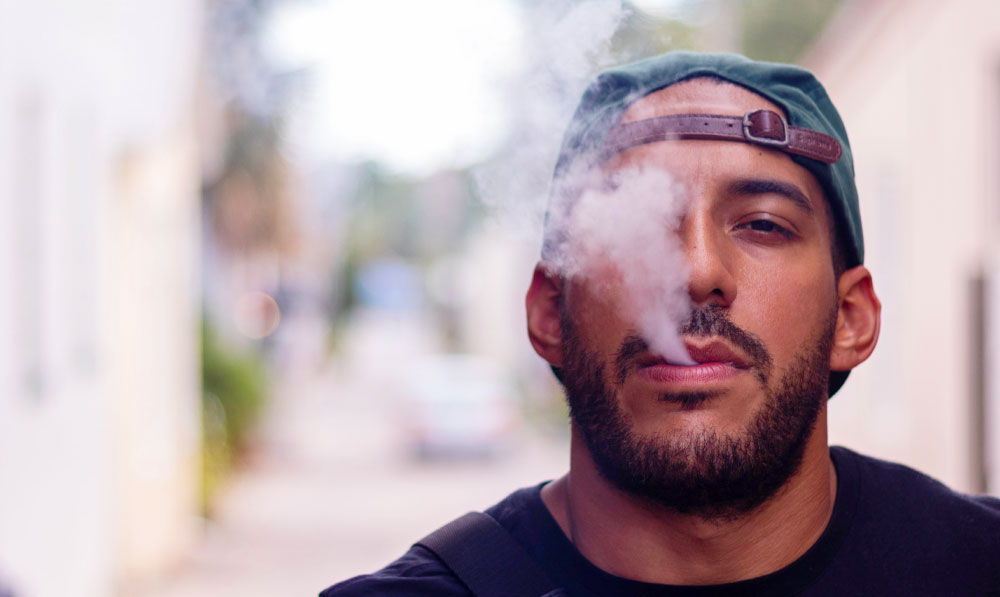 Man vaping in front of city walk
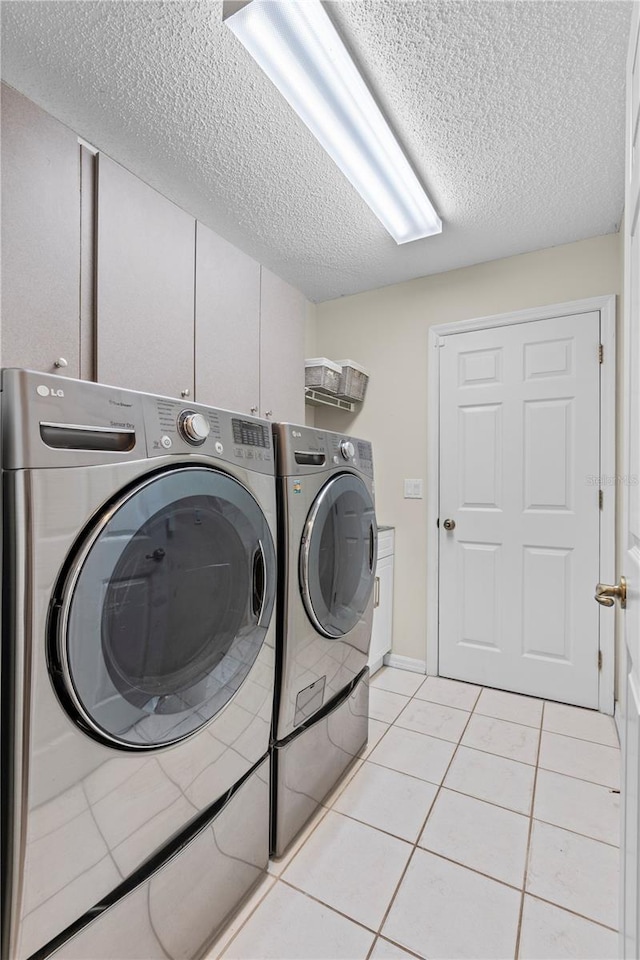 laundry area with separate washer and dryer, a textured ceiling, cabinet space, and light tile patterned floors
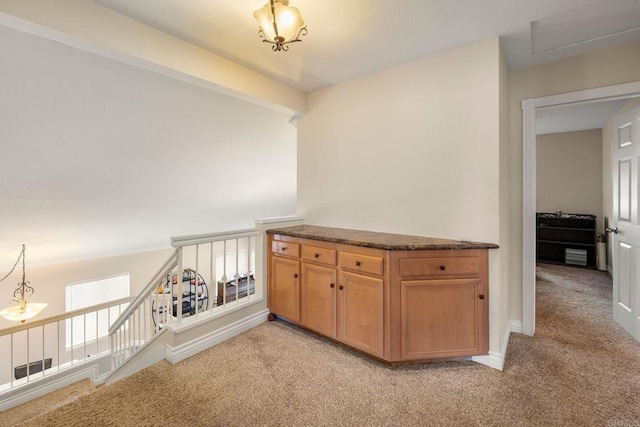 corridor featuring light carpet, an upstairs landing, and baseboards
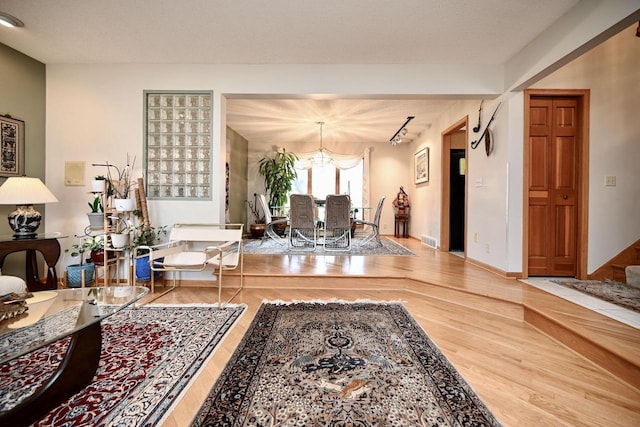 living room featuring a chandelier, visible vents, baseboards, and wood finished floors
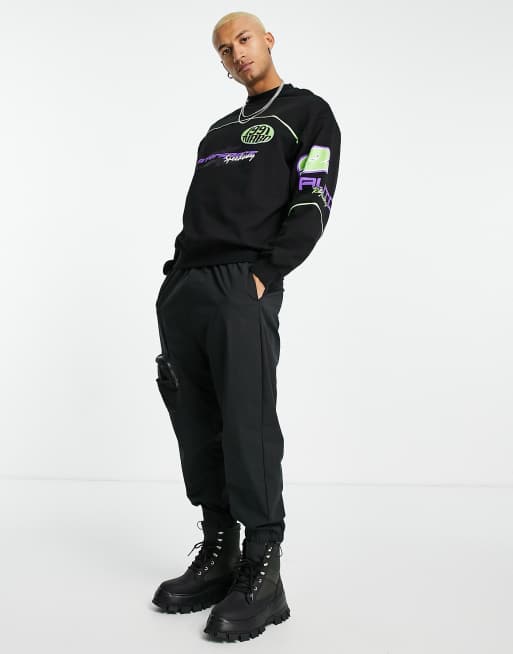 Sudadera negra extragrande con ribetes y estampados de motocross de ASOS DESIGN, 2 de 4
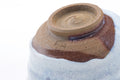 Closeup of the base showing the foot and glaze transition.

◆ YOUR ASSIGNMENT ◆
What you return should be the exact lines from the one containing "laundry area with" through the end of the listing above, both included, minus any pictures.

◆ RESULT OF THE EXERCISE ◆
 laundry area with separate washer and dryer, a textured ceiling, cabinet space, and light tile patterned floors
 corridor featuring light carpet, an upstairs landing, and baseboards
 living room featuring a chandelier, visible vents, baseboards, and wood finished floors
 Sudadera negra extragrande con ribetes y estampados de motocross de ASOS DESIGN, 2 de 4
 Closeup of the base showing the foot and glaze transition.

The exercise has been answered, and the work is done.